In Section 2, I walk through an example of how this vision can actually manifest in the context of brain-like AGI, a different AI paradigm which (unlike IDA) can definitely scale to superintelligence. I offer an everyday example of having role-models / idols who celebrate honesty, and correspondingly taking pride in one’s self-image as an honest person. In terms of brain algorithms, I relate this phenomenon to (what I call) “Approval Reward”, a hypothesized component of the human brain’s innate reinforcement learning reward function.
1. The easy and hard problems of wireheading, observation-utility agents, and approval-directed agents
In “Stable Pointers to Value II: Environmental Goals” (2018), Abram Demski describes the “observation-utility agents” trick[2] to solve (what he calls) “the easy problem of wireheading”.
(a) If we set up an agent to maximize the output of a utility function, it will edit the utility function to give a high output. (b) This problem is solved in “observation-utility agents” by using the current utility function to evaluate plans. Then the plan of “edit the utility function to output a higher value” generally gets a low score according to the current (not-edited) utility function, so it won’t happen.
Abram then suggests that we can think of Paul Christiano’s idea of “approval-directed agents” as a second, analogous move in this same direction:
(c) If we set up an agent to maximize the output of a human evaluation, it will manipulate or deceive the human to give a high output. (d) This problem is solved in “approval-directed agents” by using the current human to evaluate plans. Then the plan of “brainwash the human” generally gets a low score according to the current (not-brainwashed) human, so it won’t happen.
Abram calls the (c) failure mode “the hard problem of wireheading”; it includes all the ways to manipulate and deceive the human. The hope would be that (d) is an elegant solution to “the hard problem of wireheading” in (c), just as (b) is an elegant solution to “the easy problem of wireheading” in (a). After all, they have an obvious structural similarity.
Seems promising on paper, but how would we make these work in practice?
For the “hard problem” (d vs c) in particular, Abram mentions two challenges:
First, there’s an alignment issue. My diagram above obviously can’t be taken literally, with a literal human inspecting AI plans. For one thing, inspecting even one plan would be difficult and time-consuming at best, and impossible at worst, because the plans will be defined in terms of the AI’s inscrutable world-model. For another, we would probably need billions or trillions of plan-evaluation steps to happen, far beyond our ability to hire human plan-evaluators.

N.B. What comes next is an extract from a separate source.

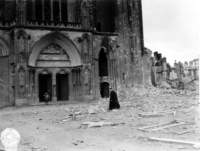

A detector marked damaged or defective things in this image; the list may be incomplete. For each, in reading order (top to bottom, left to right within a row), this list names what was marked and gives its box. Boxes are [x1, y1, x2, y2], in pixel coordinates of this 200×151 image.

damaged facade of building [0, 0, 150, 107]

After all, even a single human going about his day will entertain multiple plans per second, i.e. millions per year, and we’ll need a great many person-years of AGI labor if we want to move the needle on the AI x-risk problem.

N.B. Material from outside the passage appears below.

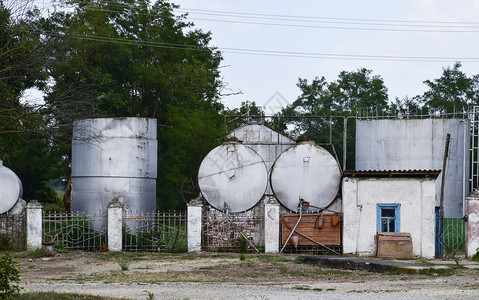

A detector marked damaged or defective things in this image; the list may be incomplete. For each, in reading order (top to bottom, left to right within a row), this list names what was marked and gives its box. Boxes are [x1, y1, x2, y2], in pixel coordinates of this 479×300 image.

rusty metal fence [0, 212, 25, 252]
rusty metal fence [42, 211, 107, 251]
rusty metal fence [122, 210, 188, 252]
rusty metal fence [201, 207, 264, 252]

So instead of an actual human supervisor in (d), we need some learned substitute. How do we get it? And more to the point, what happens when the learned substitute comes apart from the ground truth? That’s the first problem.
Second, there’s a capabilities (“alignment tax”) issue. The human supervisor is out in the environment in (c), but the (learned imitation of the) human supervisor is brought inside the AI’s thought process in (d). So in (d), much more than (c), we seem to be deeply constrained by the human supervisor’s competence and knowledge. For example, if the AI is supposed to be inventing futuristic nanotechnology, it might be entertaining plans like “What if I try exploring metastable covalent plasma flux resonances?” Alas, we can’t rely on the (learned imitation of the) current human supervisor to evaluate that plan, because the current human supervisor has no idea what the heck “metastable covalent plasma flux resonances” even means. So, how is this supposed to work?
Paul Christiano’s IDA-related 2010s research offers various ideas for addressing these two problems, which I basically don’t buy (see above). But here’s a quite different perspective on the problem:
2. If human desires are a case study of the “observation-utility agents” trick, then human pride is a case study of the “approval-directed agents” trick
For “the easy problem of wireheading” (b vs a), I argued in my Intro series §9.5.2 (2022) that human brains are more-or-less “observation-utility agents” in the above sense. (And indeed, plenty of humans would choose to not wirehead, given the choice.)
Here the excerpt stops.